The U.S. Customs and Border Protection (CBP) monitors the importation and storage of goods, but importers do have some options. When faced with the choice of foreign trade zone (FTZ) vs. bonded warehouse, keep these important points top of mind.
Foreign Trade Zone (FTZ)
The CBP defines a foreign trade zone as; “Secure areas located in or near US ports of entry. Legally, FTZs are considered to be outside the customs territory of the US for duty assessment and entry purposes.” What that means is that the goods can be foreign or domestic, and there is unlimited access and control over the movement of the products within the zone. Regardless of the point of origin, there is no customs entry to file and goods can be moved and mixed freely.
The biggest benefit to importers and 3PLs is that these locations are exempt from paying duties when the shipment arrives. In addition, there are also no duties payable on re-exported goods. Manufacturing is also allowed within an FTZ with no immediate duties or taxes payable. Payment of duties is only due when the product enters into US territory. The rate can be either the amount in effect during withdrawal or initial admission. Another strong benefit is that there is an unlimited amount of time that the goods can be warehoused in a foreign trade zone.
In many ways, bonded warehouses are similar to FTZ warehouses; however, bonded warehouses are under the direct control and supervision of the US customs officials. As with a FTZ, duties aren’t collected until the goods are withdrawn for consumption and the exportation of items is also duty-free.

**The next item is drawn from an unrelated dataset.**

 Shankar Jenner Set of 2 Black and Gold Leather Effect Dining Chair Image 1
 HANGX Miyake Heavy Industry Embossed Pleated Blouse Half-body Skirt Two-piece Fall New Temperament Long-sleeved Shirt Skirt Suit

Two of the major differences are that bonded warehouses are only permitted to hold foreign goods and manufacturing is not allowed. Under this type of program, each good must have a customs entry filed and duties and tariffs are assessed upon entry. Furthermore, customs maintains primary control of all goods and determines where, when and how they can be moved. Unlike FTZ areas, there is a five-year limit on goods being stored in a bonded warehouse.
FTZ vs. Bonded: Which is Right For You?
Choosing between FTZ and bonded warehouses comes down to control over the process and geographic flexibility. For some organizations, it is best to enter into an FTZ while others will benefit from a bonded warehouse. There are multiple benefits of both programs including delayed duty and tariff obligations and the ability to re-export goods without penalty, but consideration usually boils down to whichever solution is closest to your business.